[[ Data for this exercise, beginning ]]

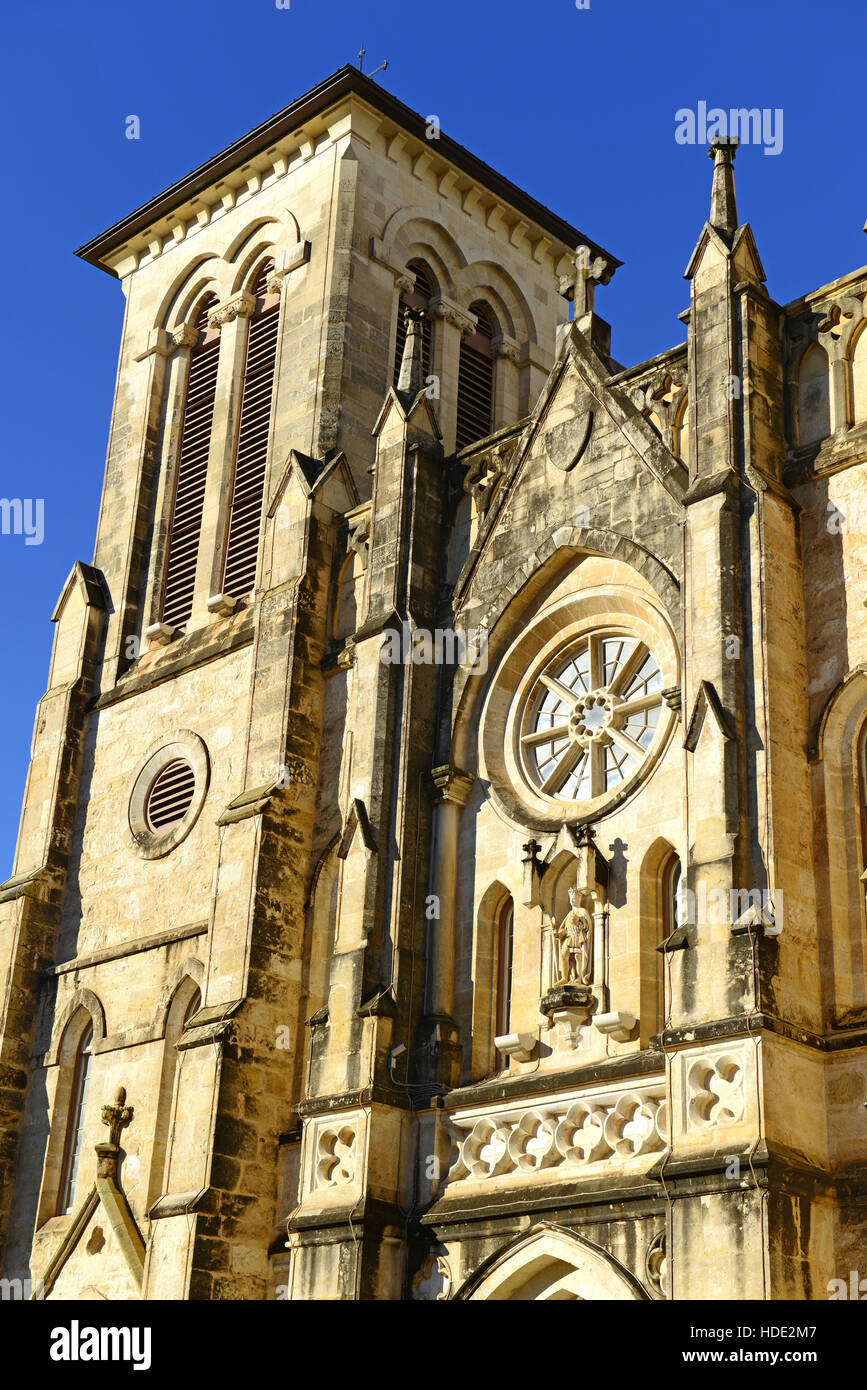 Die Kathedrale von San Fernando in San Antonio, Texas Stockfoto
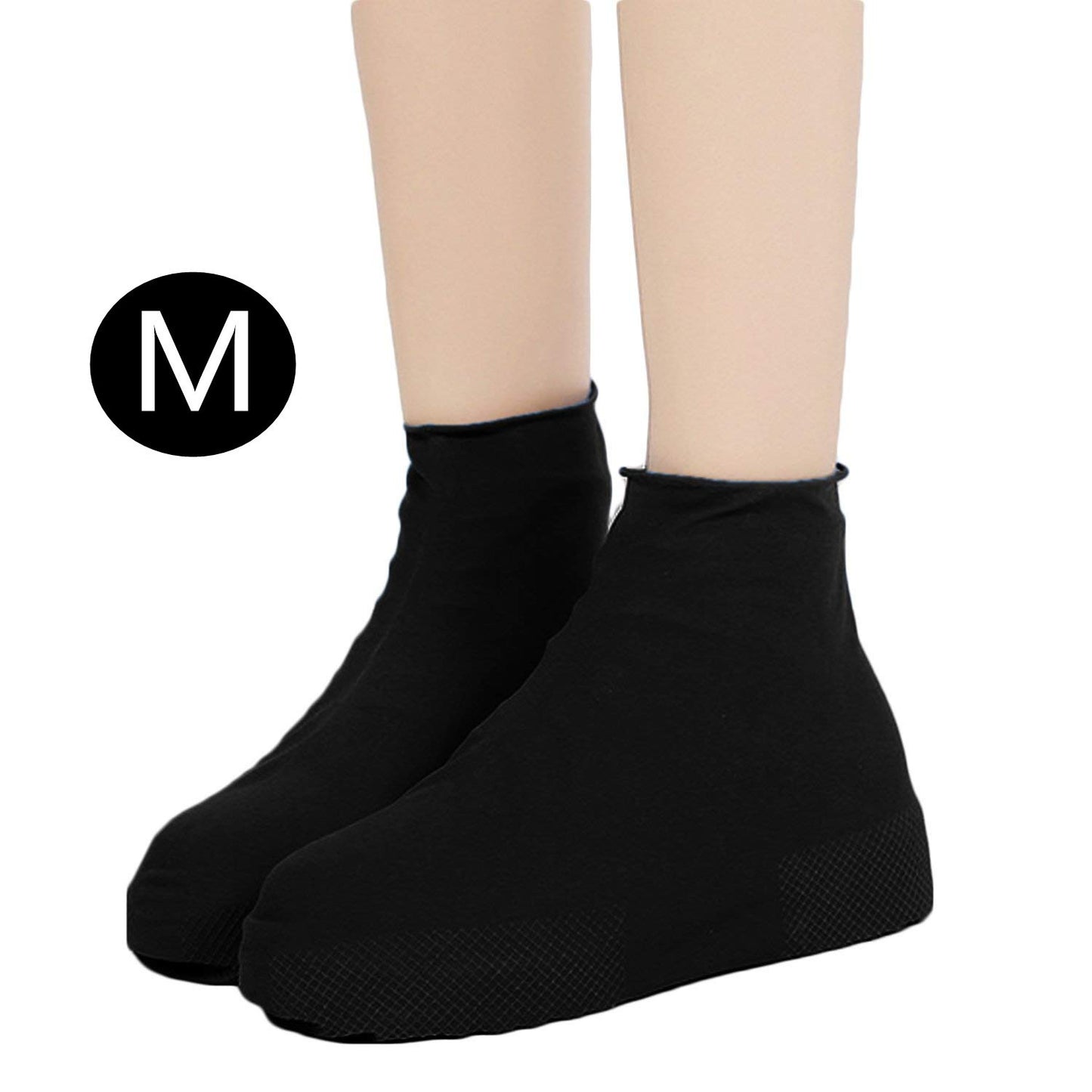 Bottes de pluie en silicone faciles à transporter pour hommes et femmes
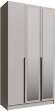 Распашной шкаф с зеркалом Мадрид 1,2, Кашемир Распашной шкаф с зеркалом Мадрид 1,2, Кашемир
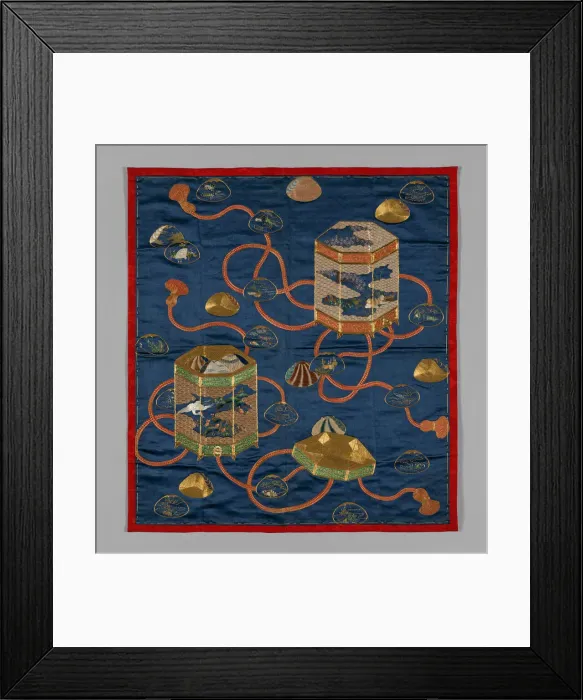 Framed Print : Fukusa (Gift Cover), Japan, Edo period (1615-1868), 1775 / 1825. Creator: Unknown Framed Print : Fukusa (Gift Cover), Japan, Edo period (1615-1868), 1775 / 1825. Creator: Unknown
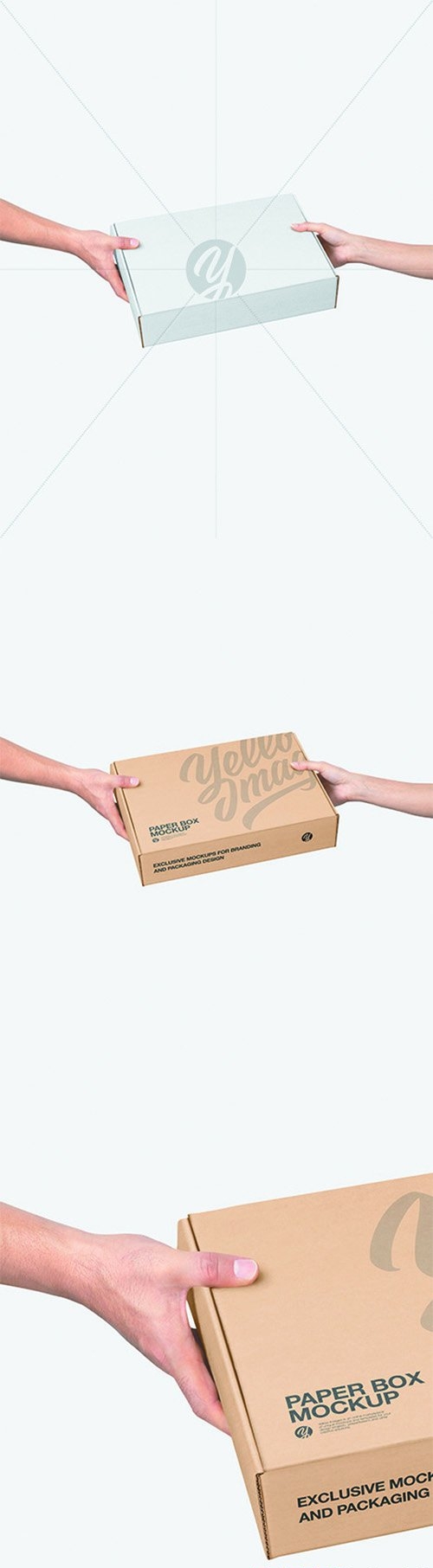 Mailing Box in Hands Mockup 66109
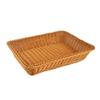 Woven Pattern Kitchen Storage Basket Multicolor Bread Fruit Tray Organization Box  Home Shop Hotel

[[ Data for this exercise, end ]]

Exercise aim:
Take the line with "Распашной шкаф с зеркалом Мадрид 1,2, Кашемир Распашной" as the first line and the last line of the records above as the final one; reproduce exactly the lines between them, both included, without pictures.

Exercise answer:
 Распашной шкаф с зеркалом Мадрид 1,2, Кашемир Распашной шкаф с зеркалом Мадрид 1,2, Кашемир
 Framed Print : Fukusa (Gift Cover), Japan, Edo period (1615-1868), 1775 / 1825. Creator: Unknown Framed Print : Fukusa (Gift Cover), Japan, Edo period (1615-1868), 1775 / 1825. Creator: Unknown
 Mailing Box in Hands Mockup 66109
 Woven Pattern Kitchen Storage Basket Multicolor Bread Fruit Tray Organization Box  Home Shop Hotel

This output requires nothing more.